Edward Hawtrey

Personal information
- Born: 10 October 1847 Windsor, Berkshire, England
- Died: 14 August 1916 (aged 68) Westgate-on-Sea, Kent, England

Sport
- Sport: Athletics / Cricket
- Event: 1 mile
- Club: Eton College

= Edward Hawtrey (sportsman) =

English cricketer and schoolmaster

Edward Montague Hawtrey (10 October 1847 – 14 August 1916) was an English first-class cricketer and schoolmaster.

== Biography ==
The son of The Reverend John Hawtrey, he was born at Windsor in October 1847. He was educated at Eton College, before going up to St John's College, Cambridge.

He was active in athletics while at Eton and Cambridge and won the silver medal in the 1 mile event at the 1868 AAC Championships, the silver medal in the 4 miles event at the 1869 AAC Championships and 1870 AAC Championships.

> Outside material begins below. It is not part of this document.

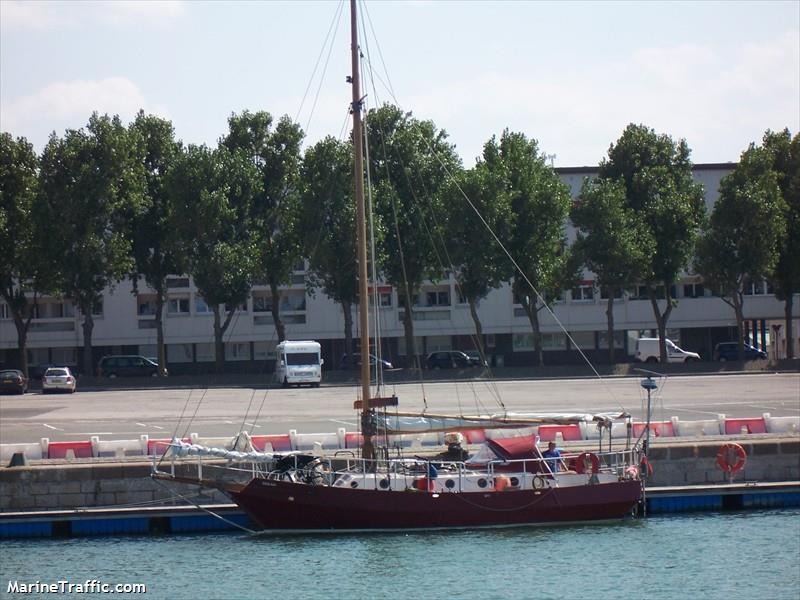 edna may (Sailing vessel) - IMO , MMSI 235076965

He was a member of the Cambridge University Athletics Club, for which he served a president in 1872. Hawtrey competed in the 3 mile race university race in 1872, in which he finished in a dead heat in 15 minutes 44 seconds with Oxford's Robin Benson. He gained athletics blues in 1870, 1871 and 1872.

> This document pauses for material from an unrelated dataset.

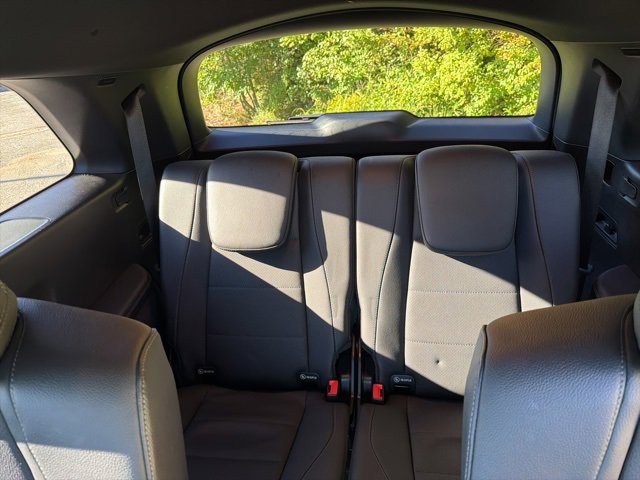 Used 2022 Mercedes-Benz GLS 450 4MATIC image 24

After graduating from Cambridge he became the headmaster of Hawtreys in 1873 (which had been founded by his father in 1869), overseeing the schools move to Westgate-on-Sea in 1883. He later played first-class cricket for the Marylebone Cricket Club, making two appearances against Hampshire in 1880 and Somerset in 1882. He struggled as a batsman, scoring just one run across four innings', while as a bowler he took 2 wickets. Hawtrey was headmaster at Hawtreys until his death at Westgate in August 1916. His brother was the footballer and FA Cup winner John Hawtrey, while his youngest brother was the actor Charles Hawtrey.